My question is about those resorts that never or almost never show up in current availability, and where nothing similar or in the same area does either.


----------



## MichaelColey (Jun 11, 2011)

In those cases, I would look at the deposit calculator and error on the high side, just to make sure.  There are SOME that require more for an exchange than they get from a deposit, but they're pretty rare.  Most seem to require 50-80% of the amount that depositors get.


----------



## bnoble (Jun 12, 2011)

> I would probably let it keep searching at 41.


I think so too.  There's a chance you won't get it, but you're within 10% of the deposit value.  If this is a once-in-a-lifetime have-to-have-it-or-life-is-ruined vacation, you'd be safest to search with something at or above 60 tpu.  For anything less, I'd let what you have roll.


----------



## Carolinian (Jun 12, 2011)

Judy said:


> My question is about those resorts that never or almost never show up in current availability, and where nothing similar or in the same area does either.



That is where the member is absolutely at RCI's mercy in Points Lite.  There are some things that never or almost never appear online (think London, for example), so there is never going to be any history there.  Any experienced timesharer knows that the best weeks almost always get taken by ongoing searches and only the leftovers end up in the online inventory.  RCI can charge you anything they want for those weeks.  They are playing hide the cheese with the amounts of points lite they charge for the best weeks.

When they are giving out extra points for weeks they have an oversupply glut of, then it is likely they are trying to make up for it somewhere the members cannot see it, such as on the rare weeks obtained by ongoing searches.  When they give 50 points lite for a deposit that at the very same time they are offering for exchange at 10 points lite, they are almost certainly doing the reverse other places.

Points Lite will never be an honest and transparent system, as long as they are playing the game of differing values for the same week at the same point in time depending on whether it is going in or out.


----------



## MichaelColey (Jun 12, 2011)

Carolinian said:


> That is where the member is absolutely at RCI's mercy in Points Lite.

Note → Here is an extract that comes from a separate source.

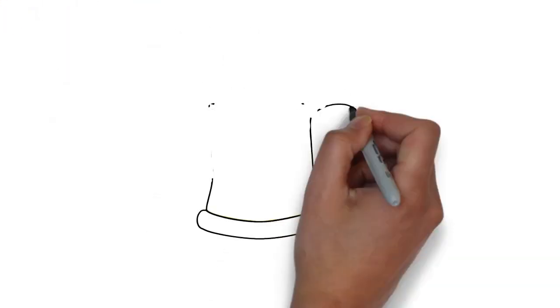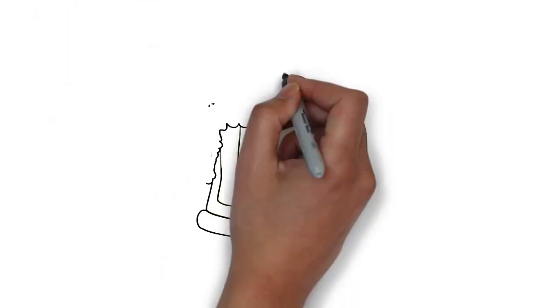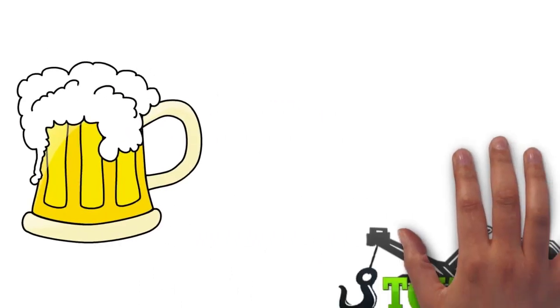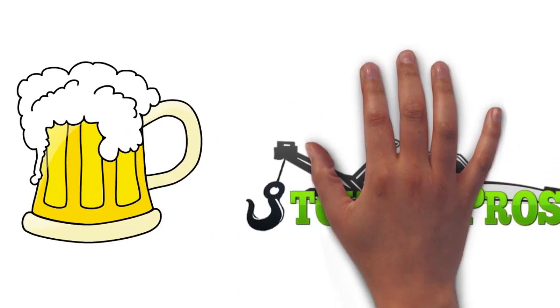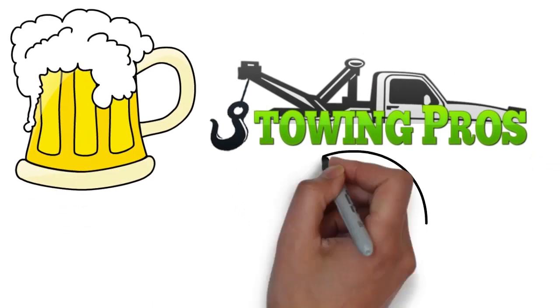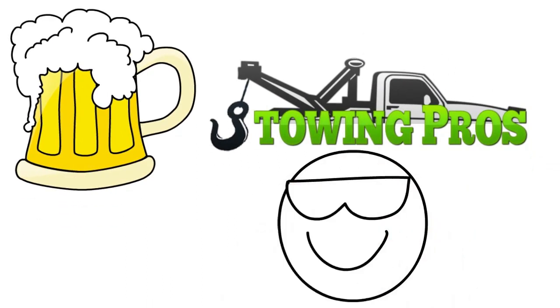As you finally board the plane with only seconds to spare, a wave of relief washes over you. You hate to admit it as most guys will do, but finally say, here's to you Towing Pros for making me look good.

I don't see how it's any worse than the old system.  Under the old system, if you didn't have enough trading power, you didn't get the exchange.  Under the new system, if you don't have enough trading power, you don't get the exchange.  The difference is that now you can SEE the trading power for available units and you can COMBINE to make sure you have enough trading power.


----------



## Carolinian (Jun 13, 2011)

Nice dodge!  But the issue is NOT the weeks you can see online.  Those are the leftovers.  The best weeks get taken immediately in ongoing searches, and those you never see online.  Those are totally a black hole in Points Lite. You are totally at RCI's mercy as to what they will charge you in Points Lite since the number of points they give for a deposit is no restriction on what they may charge you to exchange into the very same week at the same point in time.

In the old system, any experienced timesharer knew was the trading range of his / her weeks were.  Yeah, the newbies didn't, but everyone else pretty well did.  When RCI moved the goalposts, you heard about it on online forums since exchangers immediately picked up on the fact that they were not seeing what they had seen before, or alternatively saw more on rare occaissions.  There was absolutely no need to have exact numbers for experienced timesharers to know what their weeks were worth in the exchange system.

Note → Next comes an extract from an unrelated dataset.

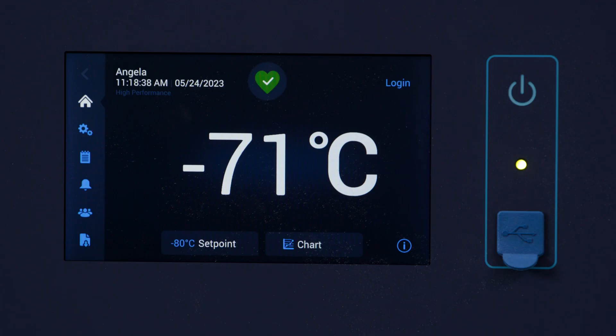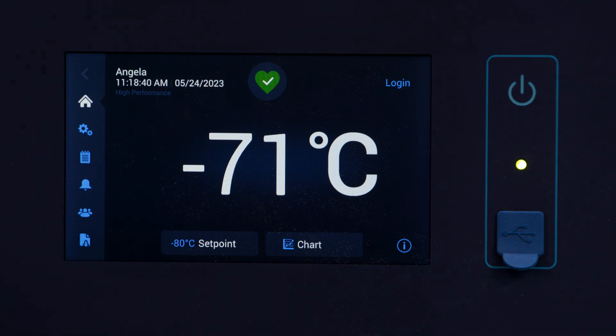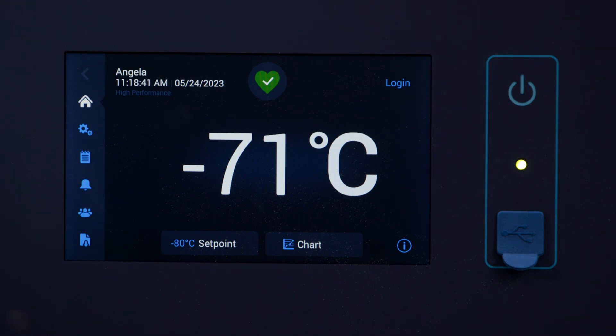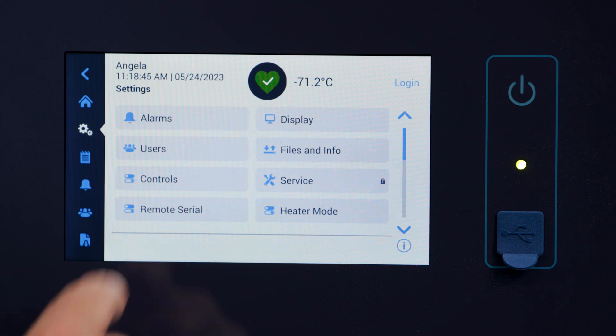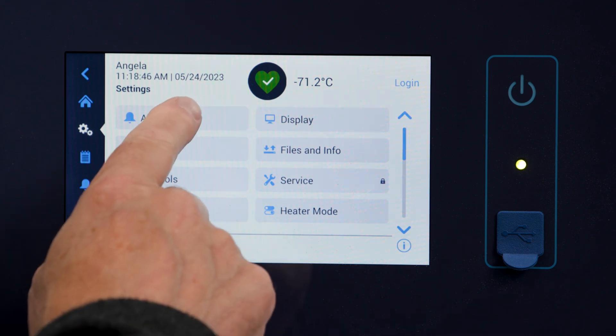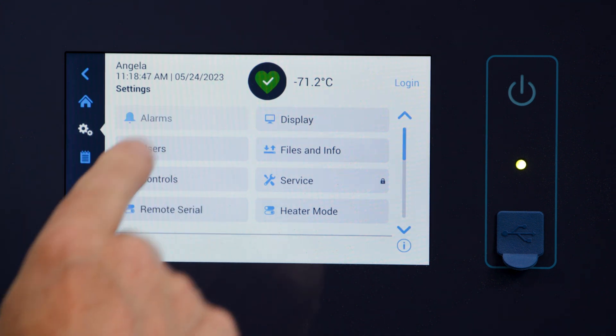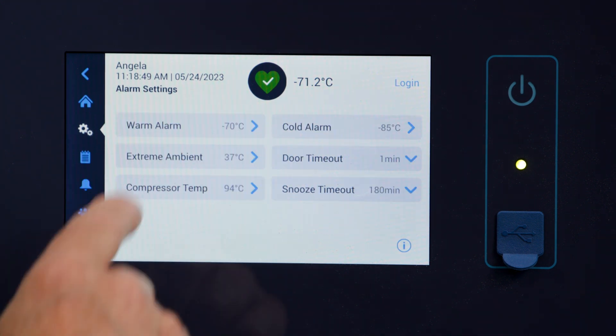Let's look at the user interface, commonly referred to as the display panel. To get started, first click Settings, then click on the alarm tab and choose the warm alarm.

Combining weeks at certain levels may seem to have some benefits now, but the impact down the road will be to discourage the owners of better weeks from depositing, once they figure out that combining lesser weeks means their odds of being able to get like for like have taken a big hit.  Switching to SFX is the smart move for them.




MichaelColey said:


> I don't see how it's any worse than the old system.  Under the old system, if you didn't have enough trading power, you didn't get the exchange.  Under the new system, if you don't have enough trading power, you don't get the exchange.  The difference is that now you can SEE the trading power for available units and you can COMBINE to make sure you have enough trading power.


----------



## Margariet (Jun 13, 2011)

Carolinian said:


> Combining weeks at certain levels may seem to have some benefits now, but the impact down the road will be to discourage the owners of better weeks from depositing, once they figure out that combining lesser weeks means their odds of being able to get like for like have taken a big hit.  Switching to SFX is the smart move for them.

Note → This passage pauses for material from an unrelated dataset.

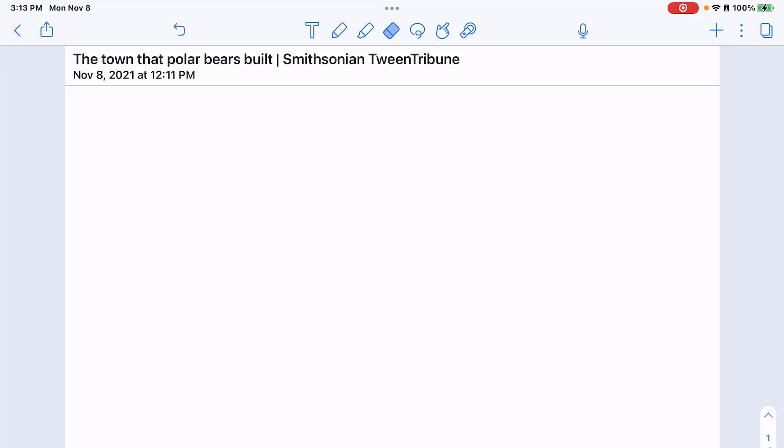Let's talk about the audio feature in Notability. It is one of my favorites and definitely sets this app apart from other note-taking apps.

Sorry but I don't understand this. Partly due to the language, I am not an American, but I also don't understand the meaning. I never understand why switching to SFX would be a smart move at all. Their inventory is very small and very limited to only specific resorts so no sense of depositing there for me. In the old days people with high valued weeks could only exchange for another week. So sometimes they had to change a week of about 35 TPU's now for a week of 8 TPU's now. Sometimes they liked the exchange but sometimes they were disappointed with the lower value of the resort. So what happened? They didn't exchange anymore. Now people with high valued weeks like myself can choose to go 3 or 4 weeks to a resort which we like and know instead of going there for only 1 week like we did in the past! We can also exchange to other high valued resorts. I am very willing now to deposit with RCI. In fact I deposit even more than before! So I don't know what you mean, I will not consider SFX. RCI works perfectly for me and I can go timesharing half a year if I want to!


----------



## DavidnJudy (Jun 13, 2011)

I disagree about what is left on line being the leftovers. Sometimes On-going searches actually don't work, and you pick up what you want on-line.  And sometimes you see a jewel on-line, you grab it and there aren't any more so you know it wasn't a "leftover".

But yes there are a lot of leftovers on-line, but NOT all are leftovers, they is way too big of a generalization.


----------



## Margariet (Jun 13, 2011)

DavidnJudy said:


> I disagree about what is left on line being the leftovers. Sometimes On-going searches actually don't work, and you pick up what you want on-line.  And sometimes you see a jewel on-line, you grab it and there aren't any more so you know it wasn't a "leftover".
> 
> But yes there are a lot of leftovers on-line, but NOT all are leftovers, they is way too big of a generalization.



I agree with you. By visiting RCI online twice a day I've found several jewels and hard to get resorts in the past. Also the sightings on this board show us little gems. I picked a very rare week in a resort which has only 2 units by visiting this board. It was just sitting there online and I had never seen it before. I don't believe that all RCI members put on ongoing searches all the time. Also because they have to pay for it. And often people even don't need the match anymore because of other plans. Then this unit becomes avaiable again.


----------



## MichaelColey (Jun 13, 2011)

Carolinian said:


> In the old system, any experienced timesharer knew was the trading range of his / her weeks were. Yeah, the newbies didn't, but everyone else pretty well did.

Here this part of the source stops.